Si tuviese que calificar la gestión ministerial de Alberto Garzón, le pondría el cero que jamás puse a un alumno, concediéndole el honor de compartir su nota con Castells, el extinto ministro de Universidades, y con Pedro Duque, que, salvo para jurar el cargo de ministro de Ciencia e Innovación, nunca bajó de la estratosfera. Y por si queda alguna duda de lo que esto significa, les diré que a las señoras Montero y Belarra las calificaría con un 1, que es la nota que se obtiene no por hacer, sino por intentarlo.
Por eso, antes de que usted me pregunte si hay coherencia entre el título y el primer párrafo de este artículo, le confirmo que sí. Porque, mientras las calificaciones del primer párrafo se refieren a toda la carrera ministerial, la defensa que ahora hago se limita al último parcial del 2021, en el que solo entraba el tema «La exportación de carne a los mayores mercados del mundo». Y en este punto no le pondría al pobre Garzón un cero absoluto, porque, aunque marró el chupinazo a puerta vacía, y sin advertir la posición que ocupaban sus compañeros, creo que la culpa del fallo no es toda suya, y que en el fondo del asunto —las macrogranjas— tiene algo de razón.
El problema de Garzón no son sus palabras, sino su situación. Un ministerio es una unidad administrativa del Gobierno, definida por la naturaleza de sus competencias y la suficiencia de sus recursos. Y hasta tal punto es importante la congruencia de medios y objetivos que, si no se aplica correctamente, es imposible que el ministerio sirva para algo, tanto si lo dirige Garzón como si lo hiciesen Merkel o Draghi. Ejemplo de este desajuste es la enseñanza, que, repartida en tres fragmentos ministeriales denominados Educación, Universidades y Ciencia e Investigación, está abocada al fracaso. Y lo mismo sucederá con Defensa, que, si llega a repartirse en tres —Armas, Munición y Soldados— cuando se pacte una nueva mayoría, nunca volverá a celebrar la Pascua Militar.
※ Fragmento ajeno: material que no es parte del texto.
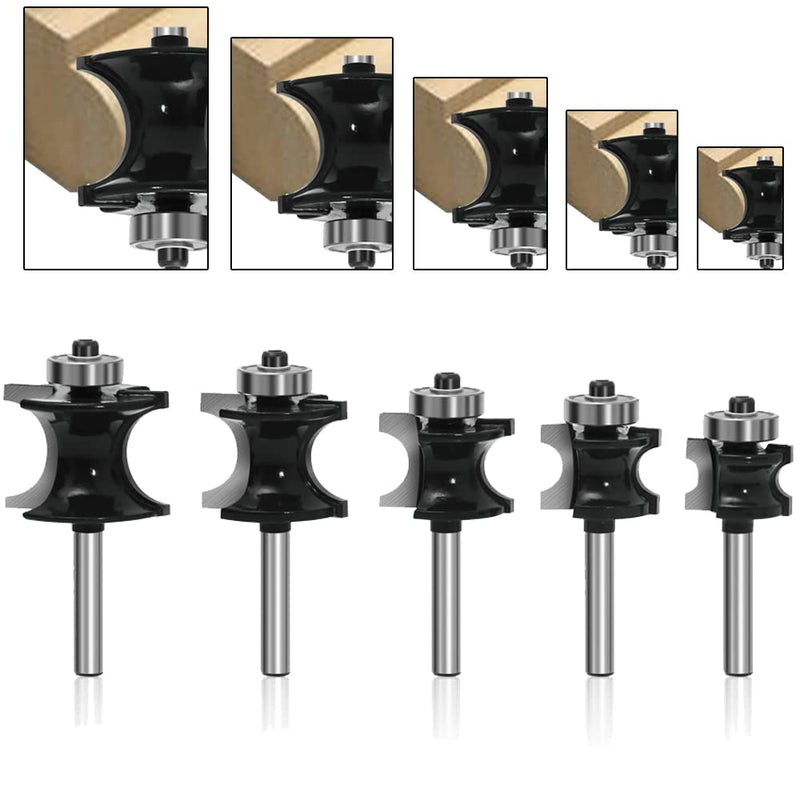 LEATBUY Router Bits Set 1/4 Inch Shank Bullnose Router Bit Sets 5PCS Radius Half Round Rail and Stile Wood Milling Cutter Drilling Woodworking Carbide Tool for Door Table Cabinet Shelve(F-A3) F-A3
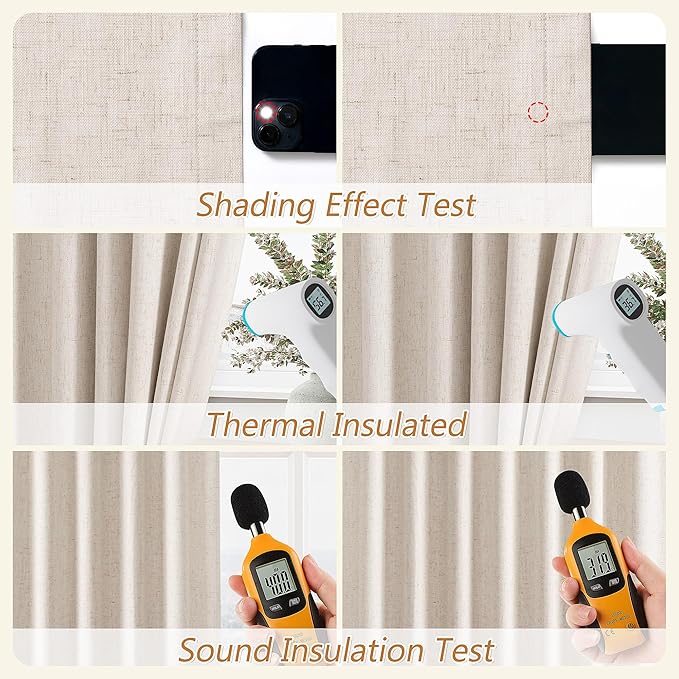 Guken 100% Blackout Linen Curtains 102 Inch Length 2 Panels Set for Living Room Bedroom Back Tab Thermal Insulated Black Out Drapes Room Darkening Room Darkening Farmhosue Window Curtains, 52x102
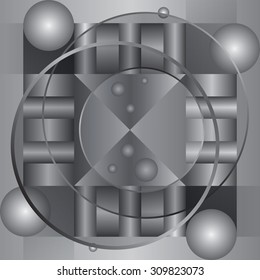 Abstract geometric background with lines and circles. It could be used as  a seamless pattern.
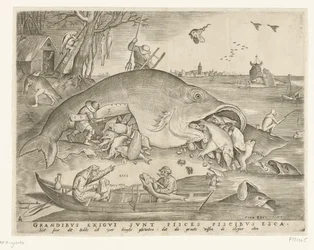 Le gros poisson avale le petit poisson
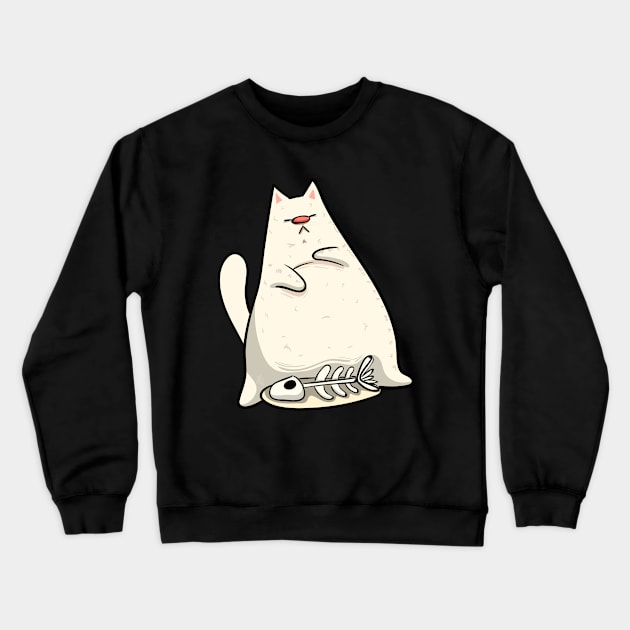 White Lazy Cat Design Crewneck Sweatshirt by KPrimeArt
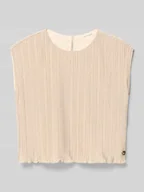 Bluzki dla dziewczynek - Top błyszczący z falistym wykończeniem i aplikacją z logo - miniaturka - grafika 1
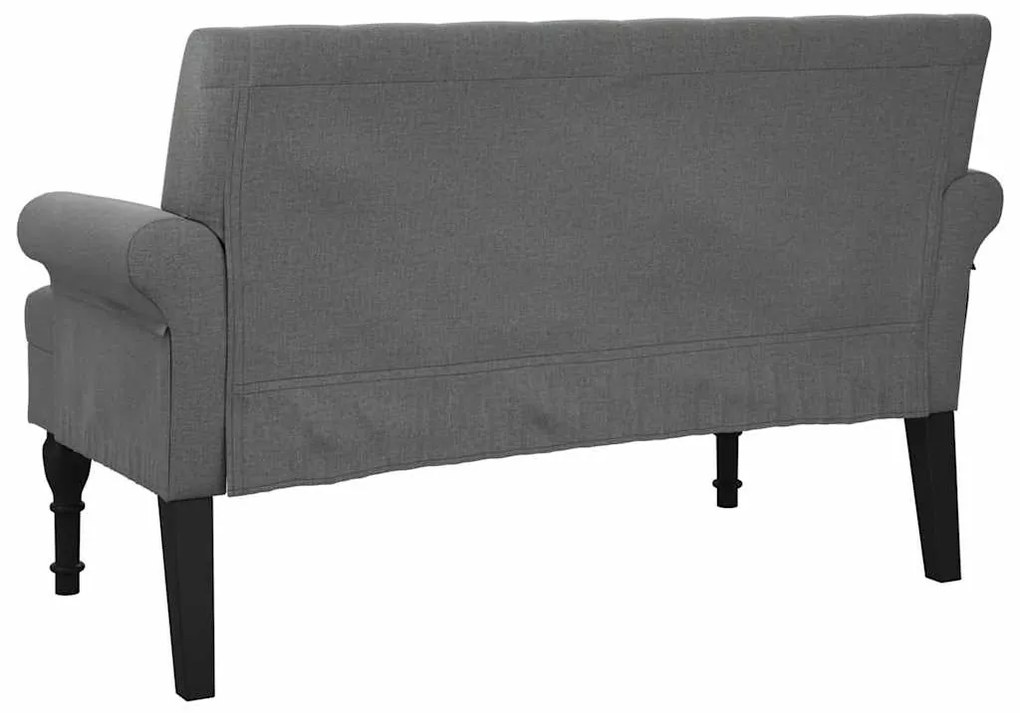 Banco com encosto 120x62x75,5 cm tecido cinzento-escuro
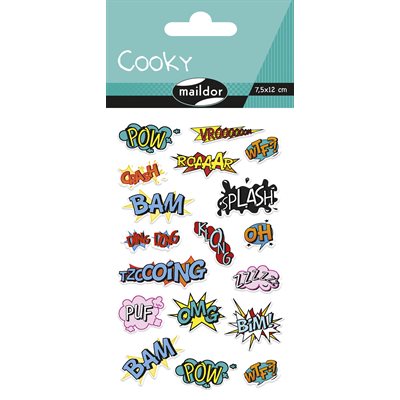 Cooky, Sach 1 pl 7,5x12cm, Onomatopées Cooky, Sach 1 pl 7,5x12cm, Onomatopées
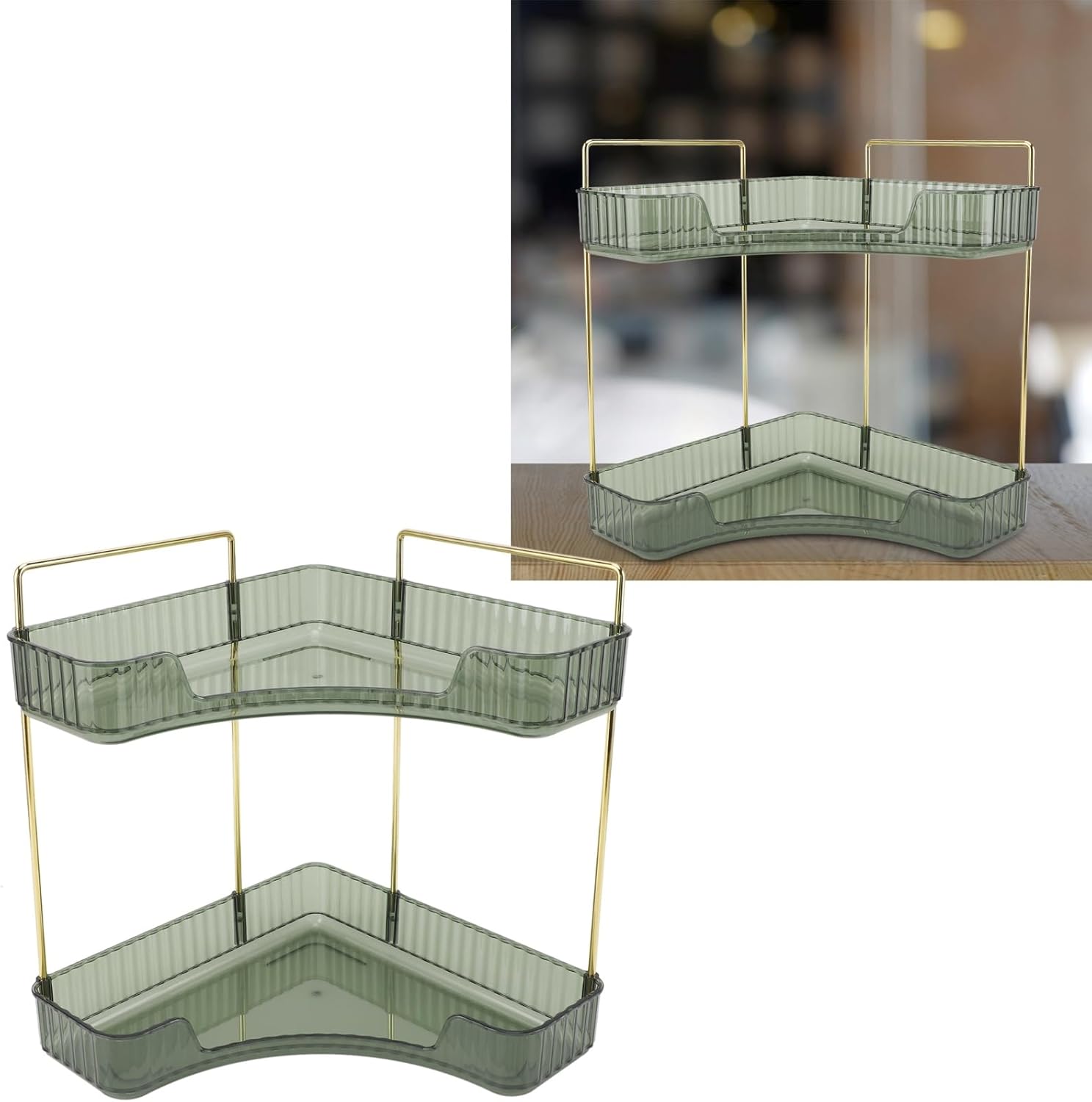 2 Tier Corner Bathroom Counter Organizer for Cosmetics and Skincare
Así se las ve Garzón, que, recluido en el fragmento ministerial que es Consumo, sin posibilidad de impulsar una gestión eficiente, trata de hacerse visible a base de infantiles manguerazos de política que otros ministros, más dotados de ministerio, le tienen que desmentir. Más aún, agobiado por la necesidad de sobrevivir en la jungla ministerial de Liliput, el pobre Garzón, auténtico Calimero de este Gobierno, ni siquiera pudo evitar el choque frontal con su presidente, al que le chafó el mejor aforismo —«un chuletón al punto es imbatible»— de su vasta y profunda fraseología.
Lo que le pasa a Garzón, además de no valer para esto, es que está envuelto en un celofán amarillo con lacito rojo —el ministerio de Consumo—, que solo vale para regalo protocolario. Y de eso no es responsable don Alberto, ministro resiliente donde los haya, al que Yolanda Díaz deberá cesar, de acuerdo con el reparto de poderes del bipartito, cuando su misión de rescatar a España de sus injusticias estructurales le deje una tarde libre para explicárselo.